En 1044, 1067 et 1124, hivers longs et très-froids ; les
arbres à fruit moururent pour la plupart. En 1133, le Pô
était pris depuis Crémone jusqu'à la mer ;
le vin gela dans les caves ; l'action du froid faisait éclater
les troncs des arbres avec un grand bruit. En 1179, 1209 et 1210,
hivers très sévères ; les troupeaux périrent
faute de nourriture. En 1216, le Pô gela jusqu'à une
profondeur de 15 i-eels ; le vin, en se solidifiant dans les caves,
faisait éclater les tonneaux. En 1234, le Pô gela de
nouveau ; des voitures chargées traversèrent l'Adriatique
sur la glace, en face de Venise. En 1236, le Danube resta gelé
dans toute sa profondeur pendant assez longtemps. En 1269, le Catégat
était gelé entre la Norwège et le Jutland.
En 1281 , nombre de maisons dans la campagne, en Autriche, furent
totalement ensevelies sous la neige. En 1291, des voitures chargées
traversèrent le Rhin, sur la glace devant Brysach ; le Categat
était aussi totalement pris. En 1305 et 1316, les hivers
furent extrêmement sévères en Allemagne; les
récoltes manquèrent également-En 1323, les
voyageurs à pied ou à cheval allaient sur la glace
du Danemarck à Lubeck et à Dantzick. En 1324, toutes
les rivières d'Italie furent gelées. En 1392, les
arbres éclataient par l'effet du froid. En 1408, l'hiver
fut un des plus rudes dont on ait conservé le souvenir; le
Danube gela dans tout sou cours ; la glace s'étendait, sans
interruption, dans la Baltique, entre le Gothland et Oeland , entre
la Norwège et le Danemarck ; en sorte que les loups passèrent
du nord dans le Jutland ; les voitures chargées passèrent
sur la Seine. En 1423, les voyageurs allèrent de Lubeck à
Dantzick sur la glace. En 1460, le Danube resta gelé pendant
deux mois ; les voyageurs à pied et à cheval passaient
sans difficulté du Danemarck en Suède ; les vignes
souffrirent extrêmement en Allemagne. En 1468 et 1544 , en
Flandre, on coupait avec la hache les rations de vin aux soldats.
Eu 1548, 1564, 1565 et 1571 , hivers rigoureux : dans toute l'Europe,
la glace, sur la plupart des rivières, était assez
épaisse pour supporter des charrettes pesamment chargées.
En 1594 la mer gela à Venise. En 1608, il tomba à
Padoue une immense quantité de neige. En 1621 et 1622 , le
Zuyderzée gela entièrement ; la flotte vénitienne
se trouva prise par les glaces dans les lagunes de l'Adriatique.
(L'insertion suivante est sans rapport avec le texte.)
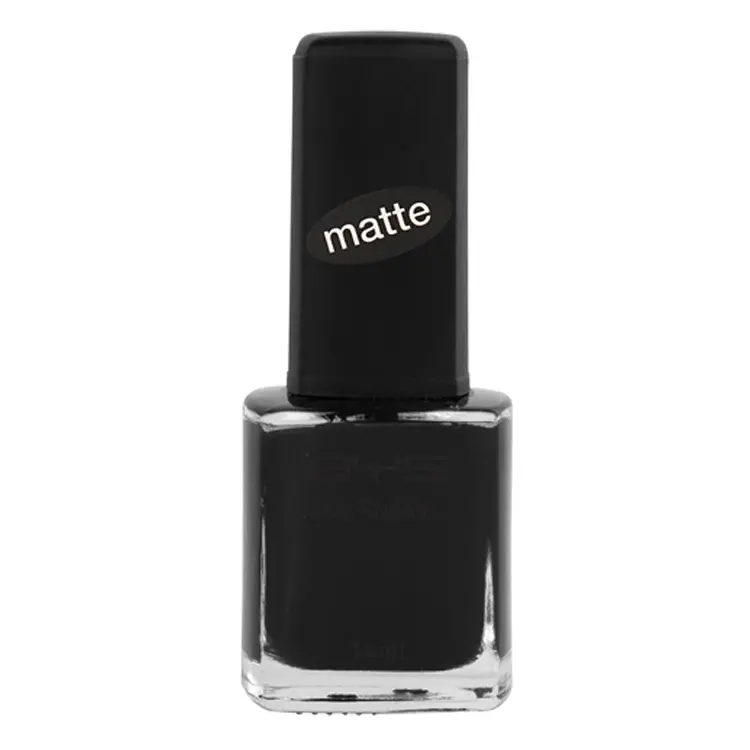 BYS Matte Nail Polish Enamel Lacquer Chip Resistant Lasting Quick Dry BLK 14ml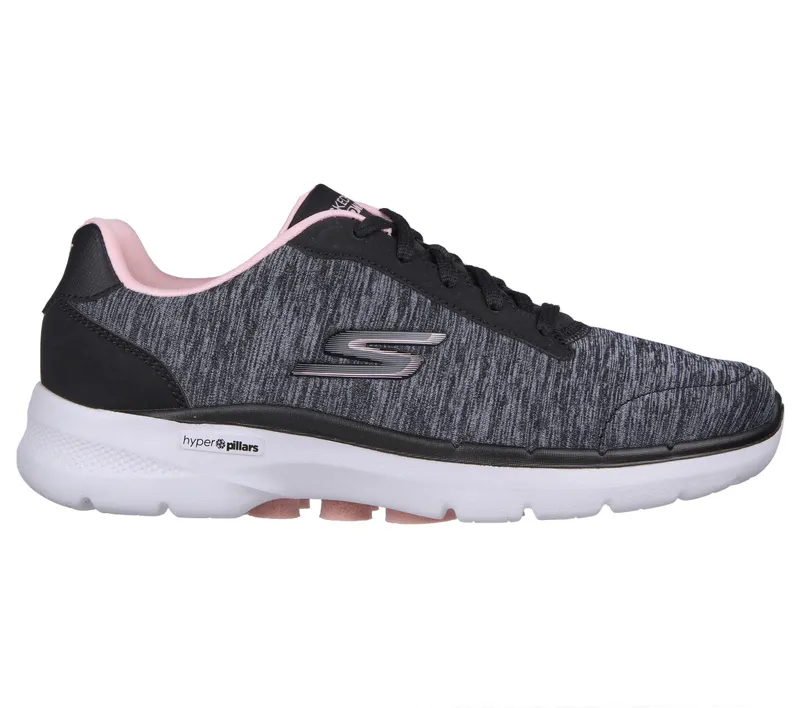 Skechers Skechers GOwalk 6 – Magic Melody – Zwart / Roze (124506-BKPK)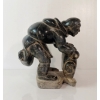 Image 4 : MAN HAULING BY THOMASSIE SIVUARAPIK (1941 - 2009) - STONE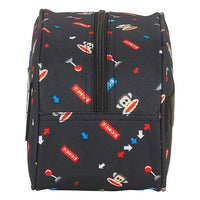 School Toilet Bag Paul Frank Retro Gamer Black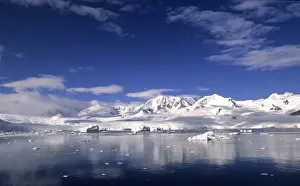 Explorer Prints: Rugged mountains bordering Gerlache Strait Antarctica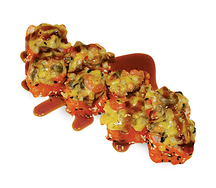 Гейзер с морепродуктами запеченный ролл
En 1658 , 1659 et 1660, hivers extrêmement froids ; les rivières
d'Italie gelèrent assez profondément pour supporter
les plus lourdes voitures ; il tomba à Rome une immense quantité
de neige ; on se rappelle que c'est en 1658 que Charles X, roi de
Suède , traversa le petit Belt sur la glace, avec toute son
armée, son artillerie, ses caissons, ses bagages. En 1670,
on traversait le grand et le petit Belt en traîneau et sans
danger. En 1684, la Tamise gela à Londres ; la glace avait
onze pouces d'épaisseur, et portait les voitures chargées;
grand nombre de chênes dans les forêts éclatèrent
par l'effet du froid. En 709, on vit l'Adriatique et même
la Méditerranée, près de Gênes, gelées.
En 1716, il y eut un grand nombre de boutiques établies sur
la Tamise. En 1726, on passa en traîneau de Copenhague à
la province de Scanie, en Suède. En 1740, le Zuyderzée
gela entièrement ; la Tamise était aussi totalement
prise ; le peuple construisit sur la glace une cuisine dans laquelle
il fit rôtir un bœuf tout entier. Nous voici arrivés
à l'époque des bonnes observations barométriques.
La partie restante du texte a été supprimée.